Harmony within our body, heart and mind. If we are out of kilter, we know even if we

do not wish to acknowledge the cause.

     We are on the cusp between psychology and spirituality and they should not

be confused. Psychology is necessary to understand the mechanism of the mind

while spirituality is, so to speak, a springboard into a realm beyond the conditioned

manifestation of our unconscious desires and fears. We are a machine that acts

according to its genetic code, and the various influences which are brought to bear

on us as we leave childhood and enter adulthood through that tempestuous land of

adolescence. Spirituality is the recognition of the means to transcend our limitations

as a human being. We believe there is a higher reality unfettered by our belief that

we are a human body with a mind and its consequent machinations.

     Returning to our predicament and the cards that we have been dealt. We take

pleasure in other people’s failings or disasters. We think we could not possibly do

that which they did, nor can our behaviour be as ridiculous as another’s. We are

invariably better. But we are not. We all suffer from similar conditions though the

scenario may differ. That is why we watch dramas and comedies, to see how others

fare and to subconsciously take notes. Throughout human history, The

Mahabharata, the Greek tragedies and comedies, the Icelandic sagas of struggles

and conflicts within kingdoms and families, African folklore using animal fables to

teach guidelines, the 11th century Japanese The Tale of Genji, to the modern,

sublime Four Quartets by TS Eliot, the list is endless….all speak of the human

predicament of how to be in harmony with ourselves, society and the environment in

whatever shape or form. Some people solve it by making money, preferably lots of it.

     That solves their problem because they can buy their way out of most crises.

Others do exactly the opposite, and give away all they possess that is not necessary

for survival, thereby absolving themselves of any responsibility beyond their limited

dimensions either physical, emotional or mental. The rest of us are middling between

both poles. We are always learning whatever the situation and evolving a more

sophisticated strategy to protect ourselves from suffering.

     When we stop, take it on board, and apply the lesson, the gap between the

thought and the action arises. “Between the idea/ And the reality/Between the

motion/And the act/ Falls the Shadow.” 1 We may wish to do the right thing. We may

wish to alter our habits which are detrimental to our well-being, but to our

astonishment and resultant despair, we typically cannot. In a moment of crisis, the

golden words arise: “There must be another way.”
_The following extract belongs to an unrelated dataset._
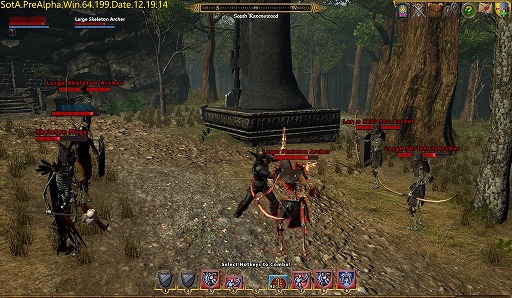 画像集#026のサムネイル/ooOooOOooo……。どこか懐かしさを感じるリチャード・ギャリオット氏の新作RPG「Shroud of the Avatar: Forsaken Virtues」のプレα版を遊んでみた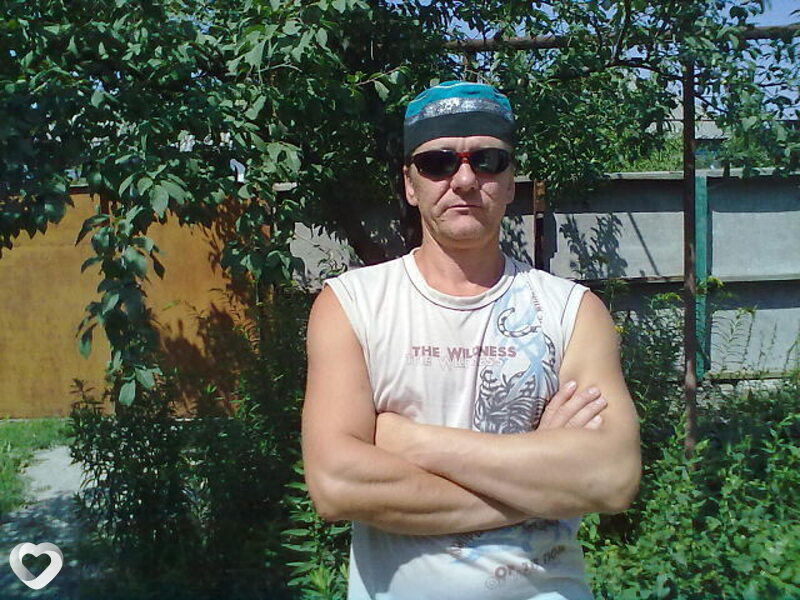Андрей, 49, Северодонецке — анкета №36760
     We realise that if our attitude is one of avoidance, it will never end. We will go

round and round in circles trying to learn the same lesson in different guises

repeatedly. There is a basic theme which predominates in our lives. Each person is

different and has a specific theme wholly their own but the principles are the same.

Otherwise, how could we apply the wisdom of the ages to our own?

     Our attitude then is crucial. If our attitude is that it is someone else's fault we

are lost. If we accept responsibility for our actions then there is a chance to be

liberated from the ignorant, invisible web which suffocates us.

     By responsibility, we do not mean the obvious ones where we are called out

by a member of the family, an associate or invariably, an enemy for our public

shortcomings but also all actions in which we are involved however peripheral. We

all contribute to situations that evolve. For example, our politicians are to some

extent reflections of our group aspirations. Each nation has a leader who replicates

what the majority may think or feel.

     We are the world and what we do or think affects, in however minuscule a

way, everything and everyone else. Once we accept responsibility in whatever form it

may arise, we have taken the first valuable step on the ladder.

     When I first came to Arunachala, my head was full of fabulist thoughts. I had

an unrealistic opinion of myself that others who were there at Arunachala proceeded

to point out in kind of subtle and not-so-subtle ways. It was painful but necessary.

We sometimes read that we should be thankful to others for pointing out our defects.

This is all very well in theory but the reality is another country. Bitterness is often the

result of the purging.

     But that will pass if we persist.

     Which brings us back to a critical point. Concurrent with the acceptance of

responsibility in however microscopic a manner, the overriding principle has been set

in place. A principle is not a question of quantity but of quality. If we can do a simple

task such as sweeping the floor well, it is a momentous start. If we can wash a dish

immaculately, it is a start. We begin on the most mundane, simple level. We bring to

bear all our attention on doing the humblest task well. We start at zero.

     What we do discover is that even when we try to do the simplest task, our

attention wavers. I remember reading a book that stated the claim that even to keep

our focus on the dials of a watch for one minute is impossible. I tried it and much to

my disbelief, failed. If I could not do that, how ever could I follow a train of thought

back to its source using the technique of Who Am I?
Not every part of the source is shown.